Python Forum - Read a folder with a multiple files

Hi,

I have a list

Quote:Names = ['John', 'Tom']

if I say

 def ReadNames():
      for name in Names:
        print(name)

I get both names

Quote:John
Tom

How ever when I say

def ReadNames():
     for name in Names:
         return name

I only get one name back, how do I write a function that iterate through a list and give all values back?

(May-03-2019, 11:17 AM)NewBeie Wrote: [ -> ]I only get one name back, how do I write a function that iterate through a list and give all values back?

I don't sure if I understood your exactly, but you are likely talking about generators?

def read_names():
    for name in Names:  # Names should be defined somewhere above
        yield name

names = read_names()
print(next(names))  # returns John
print(next(names))  # returns Tom

(May-03-2019, 11:17 AM)NewBeie Wrote: [ -> ]How ever when I say
def ReadNames():
     for name in Names:
         return name
I only get one name back, how do I write a function that iterate through a list and give all values back?

After return statement function finishes and returns control to caller. So first element is returned and thats all what will happen.

Scidam provided code to overcome this problem. However, it's unclear for me why you want to have function to iterate over elements? Isin't it easier directly iterate over list? Especially when function is with no parameters.

I have a folder with two xml files (They could be more than two).

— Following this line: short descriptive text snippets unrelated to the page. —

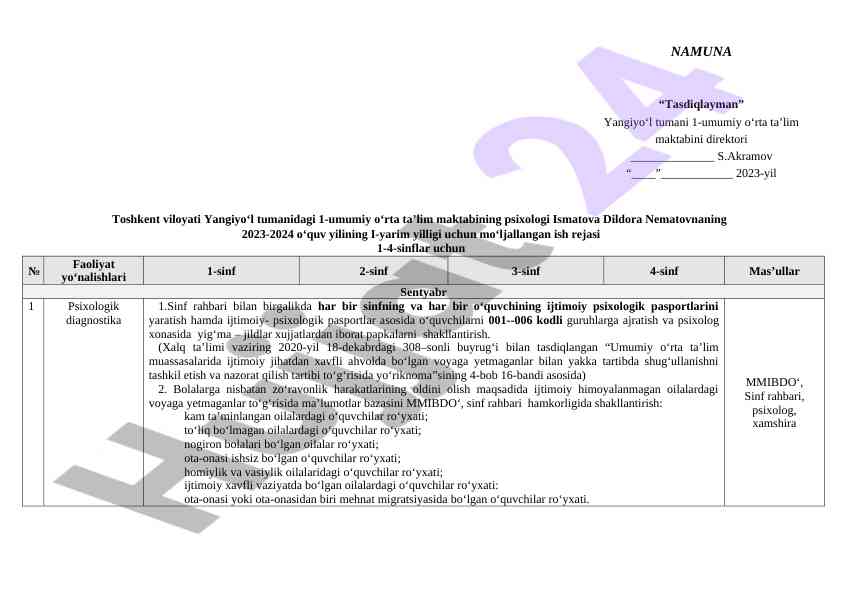 Psixologik diagnostika rejasi 2023-2024 oʻquv yili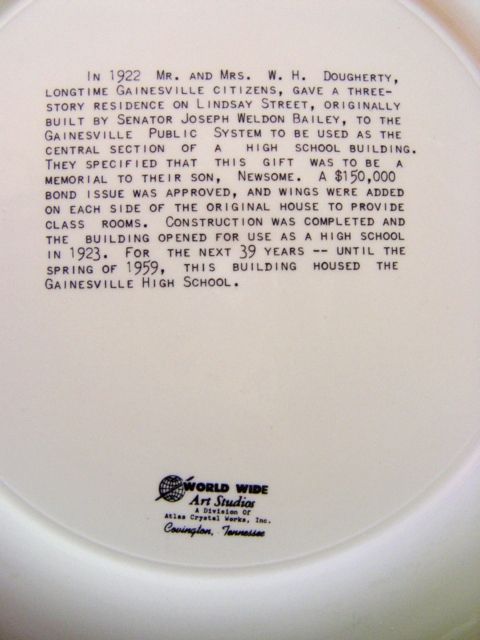 Souvenir Plate Gainesville Texas Newsome Dougherty High School Souvenir Plate Gainesville Texas Newsome Dougherty High School
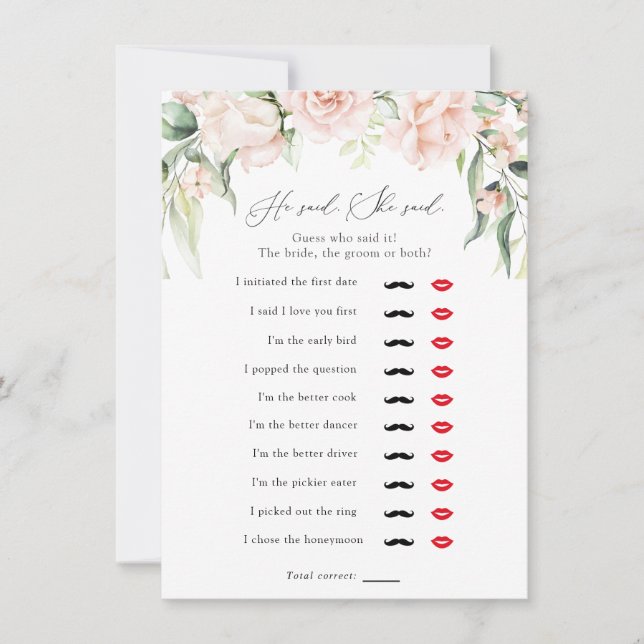 Convites Blush e Greenery Ele disse, ela disse jogo de Chá (Frente)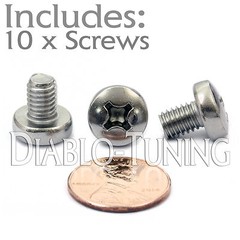 M6 x 8mm – Qty 10 – Stainless Steel Phillips Pan Head Machine Screws DIN 7985 A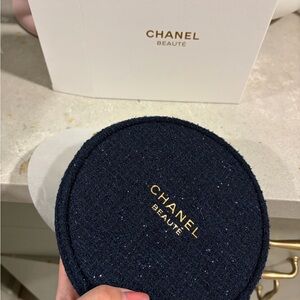 Chanel Beauté Navy Blue Tweed Accessory Cosmetic Pouch Authentic New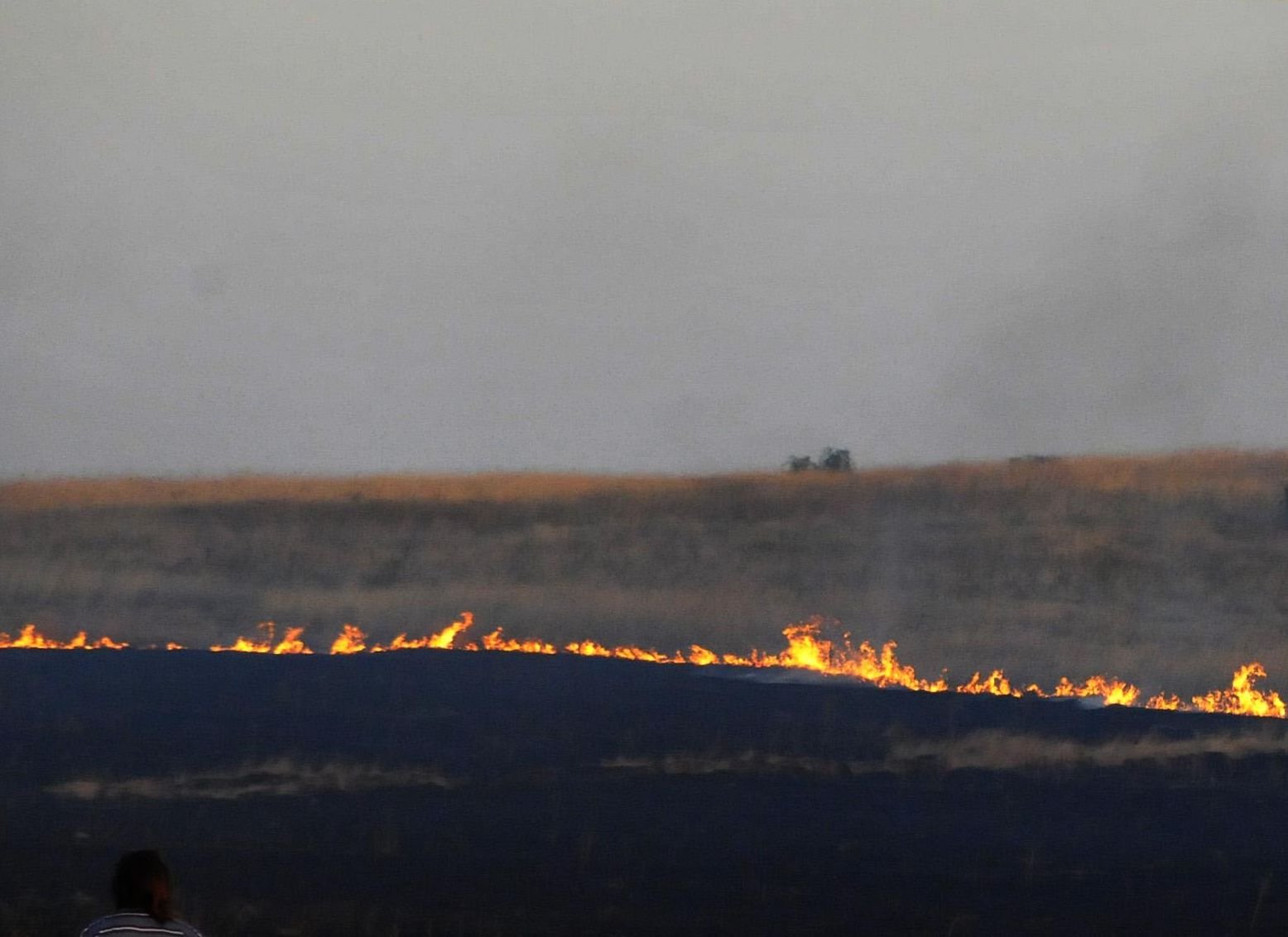 Стърнища горят край Усойка, пожарникари все още не идват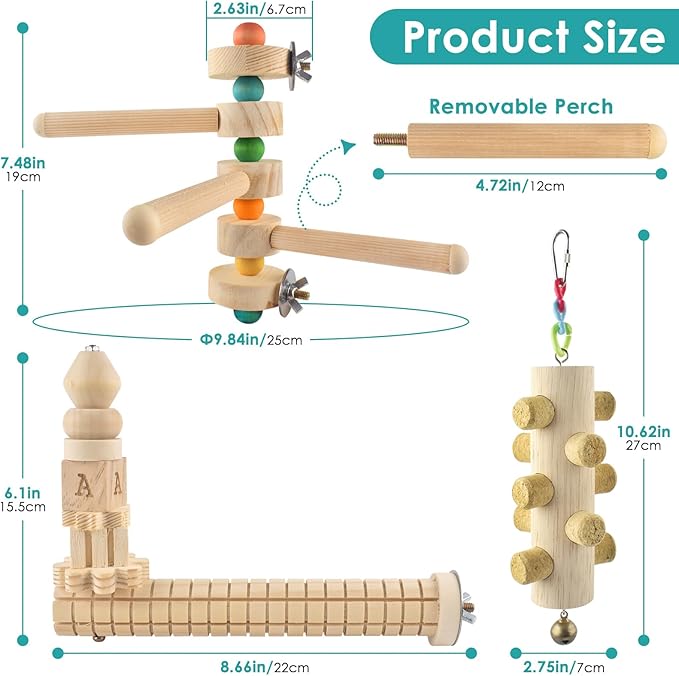 3pcs Natural Wood Bird Perch Toys, Rotating Perch Stand, L-Shaped Perches - Image 2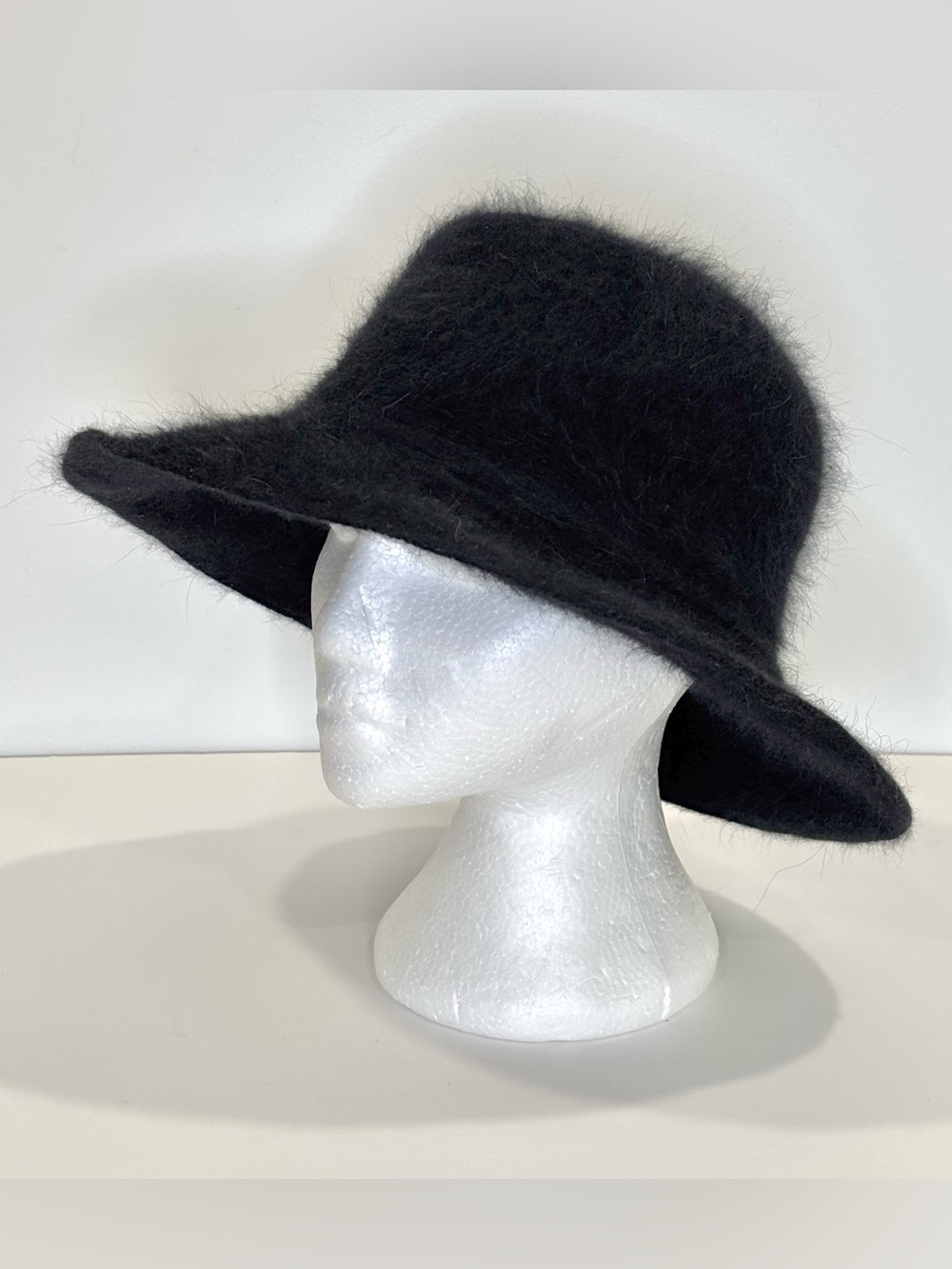 Xcetera black angora blend hat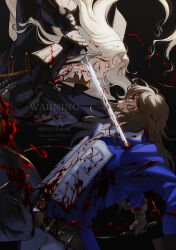 2boys alucard_(castlevania) belt black_coat blonde_hair blood blue_coat blue_eyes brown_hair castlevania:_symphony_of_the_night castlevania_(series) coat duel gloves highres holding holding_whip kaworunakano long_hair male_focus multiple_boys richter_belmont stab sword watermark weapon whip yellow_eyes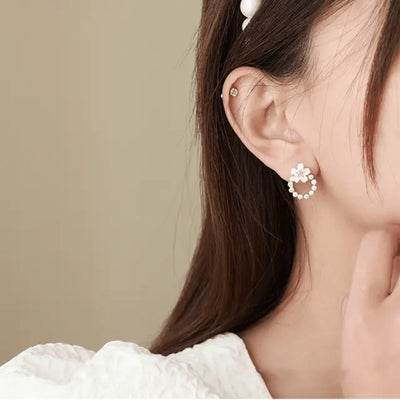 TITLIYA Korean Pink Floral Crystal Hoop Earrings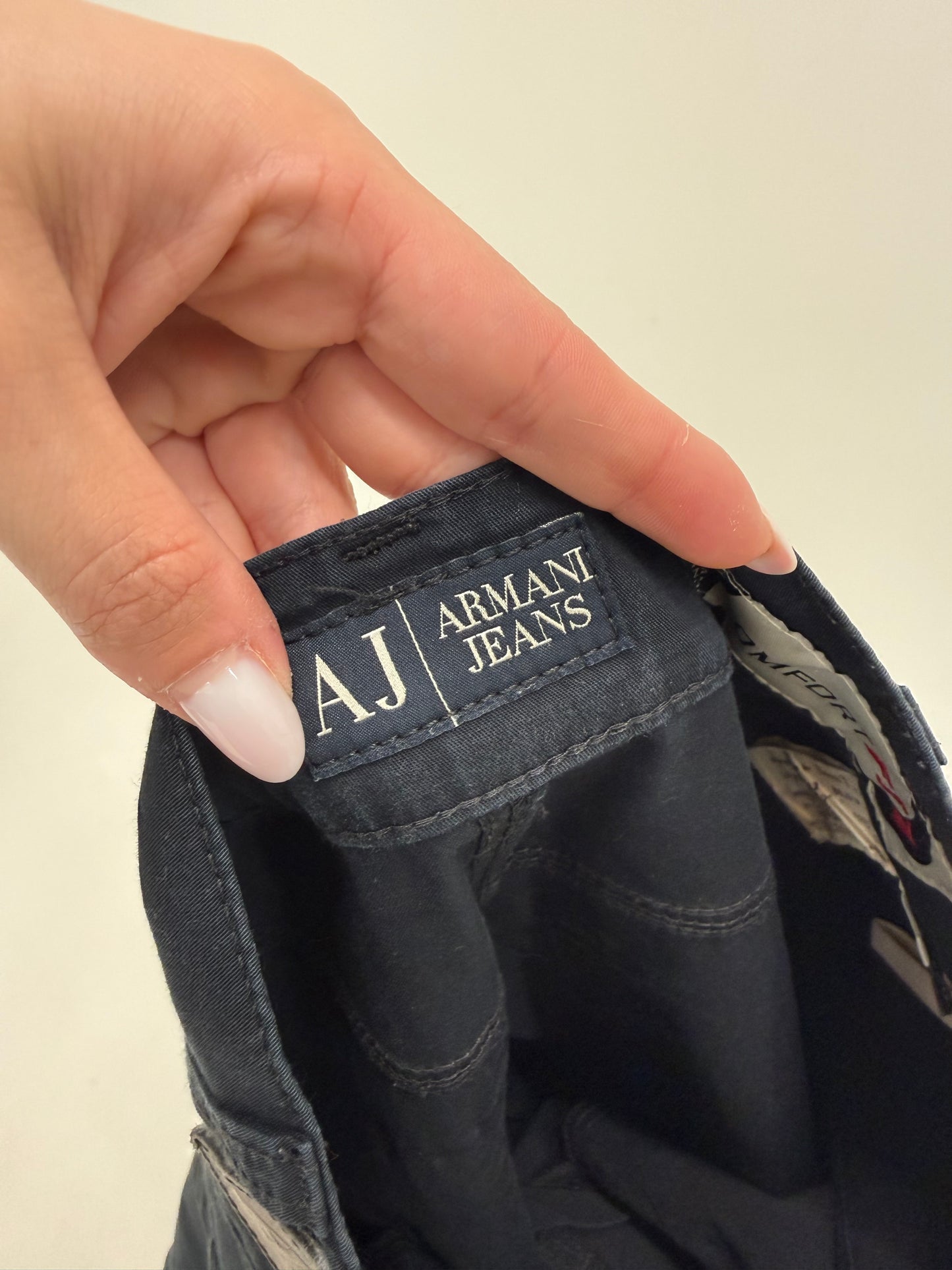 Pantaloni Armani de vară negri din bumbac modelatir straight leg ultra confort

I want to step in that folder and read each file, so I have this code:

path = os.getcwd() + '/Emails/'
files = os.listdir(path)

So now, the "files" returns a list, I want loop the files and read the context, so I tried this:

def Readfiles():
    for file in files:
        with open(file, 'r') as f:
            message = f.read()
            return message

But this is not giving me what I want. for each file context I get, I want to clean it, and I have a step for that:

soup = BeautifulSoup(message, 'lxml')

So what I want is for a code that will go through the folder and read each file, then pass the context to that step there for cleaning, then give me the output there of. Hope I made this clear

(May-03-2019, 11:34 AM)scidam Wrote: [ -> ]
(May-03-2019, 11:17 AM)NewBeie Wrote: [ -> ]I only get one name back, how do I write a function that iterate through a list and give all values back?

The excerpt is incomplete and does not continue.